## INFORMATION PROVIDED
○ ○ ○

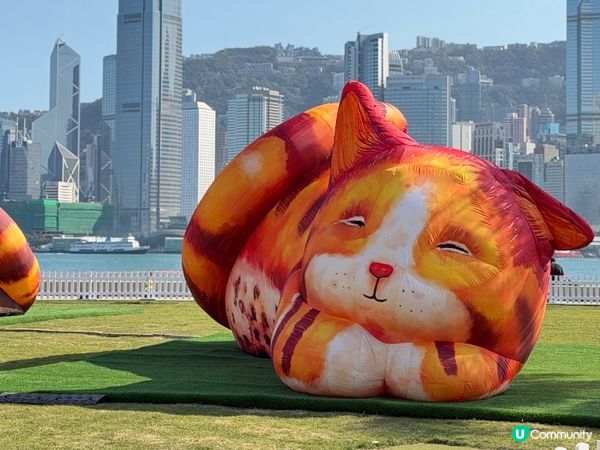三隻巨大充氣貓咪《夢遊喵境》係西九龍文化區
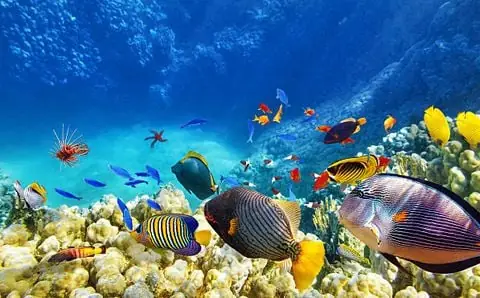 Cá Hề Thuần Nước Ngọt Có Tồn Tại Không? Giải Mã Sự Thật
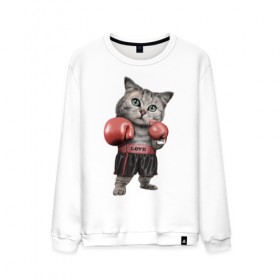 Мужской свитшот хлопок с принтом Кот боксёр в Новосибирске, 100% хлопок |  | боец | бокс | боксёр | кот | котёнок | кошак | кошка | кулак | спорт | шорты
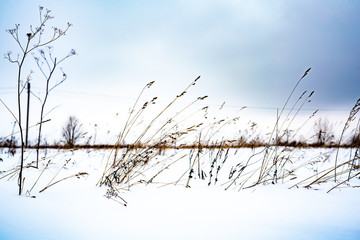 Fototapeta na wymiar .Холодная вьюга в степи, замороженные полевые травы, грустный зимний пейзаж, веет ветер, вьюга.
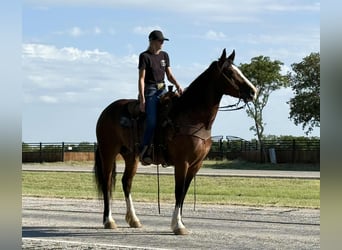 Draft Horse, Mare, 6 years, 15.2 hh, Bay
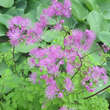 Thalictrum 'Black Stockings': Bild 2/4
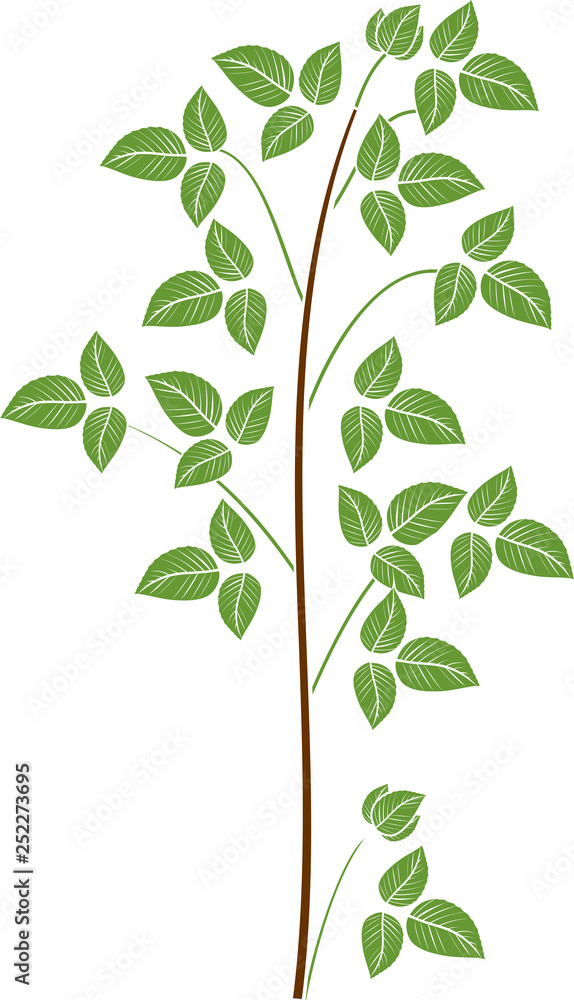 Raspberry branch with green leaves Raspberry branch with green leaves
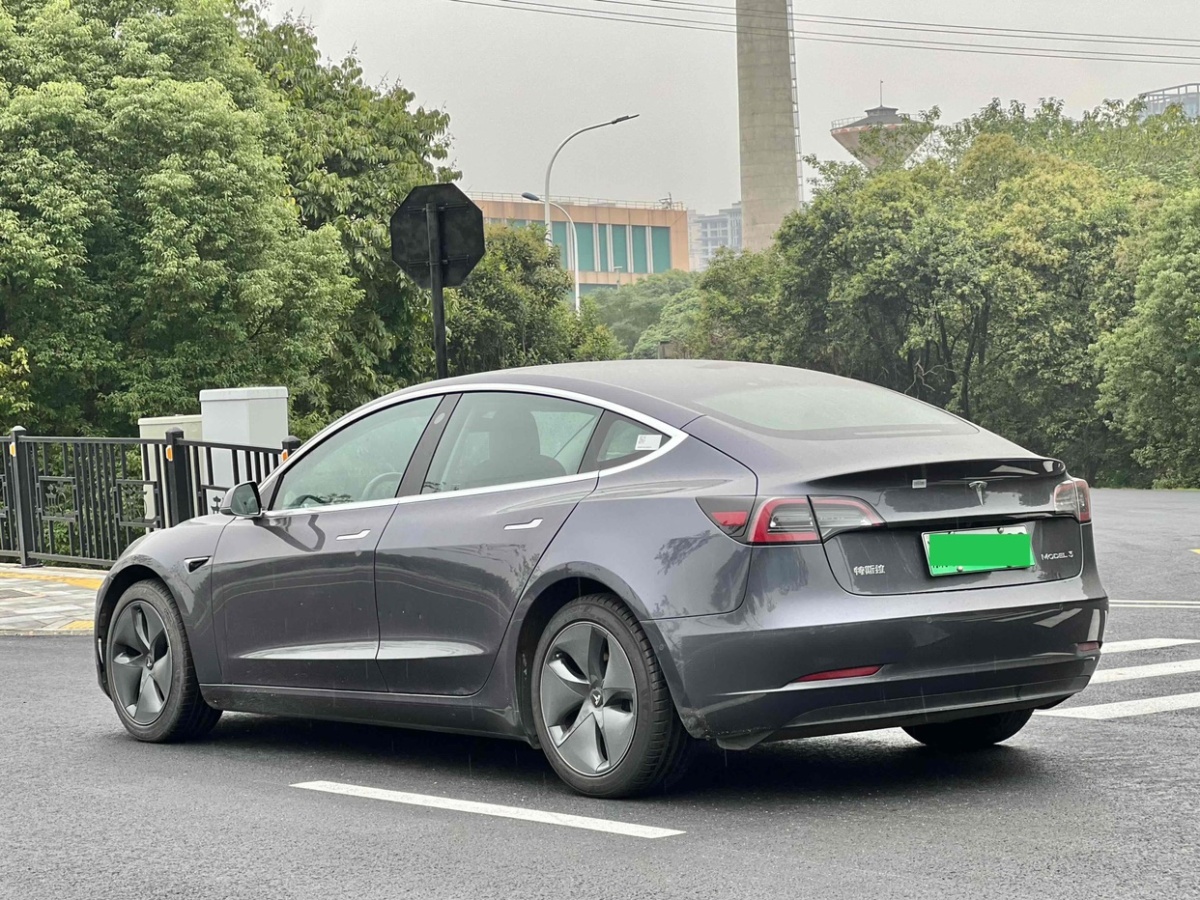 特斯拉 Model Y  2020款 改款 標準續(xù)航后驅(qū)升級版圖片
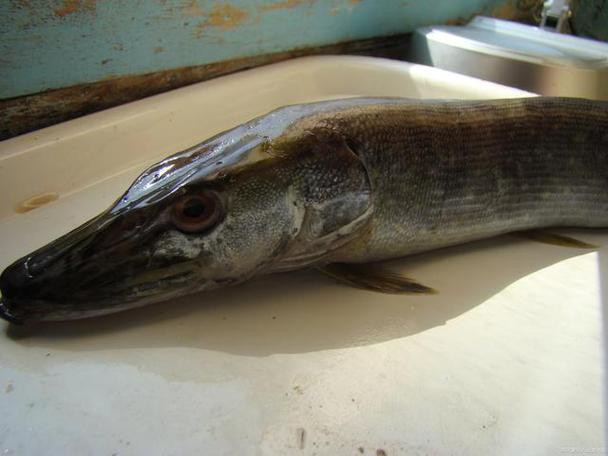 杜龍魚多少錢一斤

○ ○ ○

## ASSIGNED TASK
Could you repeat the entries word for word, skipping the pictures they contain?

## ANSWER BELOW
三隻巨大充氣貓咪《夢遊喵境》係西九龍文化區
 Cá Hề Thuần Nước Ngọt Có Tồn Tại Không? Giải Mã Sự Thật
 Мужской свитшот хлопок с принтом Кот боксёр в Новосибирске, 100% хлопок |  | боец | бокс | боксёр | кот | котёнок | кошак | кошка | кулак | спорт | шорты
 Fototapeta na wymiar .Холодная вьюга в степи, замороженные полевые травы, грустный зимний пейзаж, веет ветер, вьюга.
 Draft Horse, Mare, 6 years, 15.2 hh, Bay
 Thalictrum 'Black Stockings': Bild 2/4
 Raspberry branch with green leaves Raspberry branch with green leaves
 特斯拉 Model Y  2020款 改款 標準續(xù)航后驅(qū)升級版圖片
 杜龍魚多少錢一斤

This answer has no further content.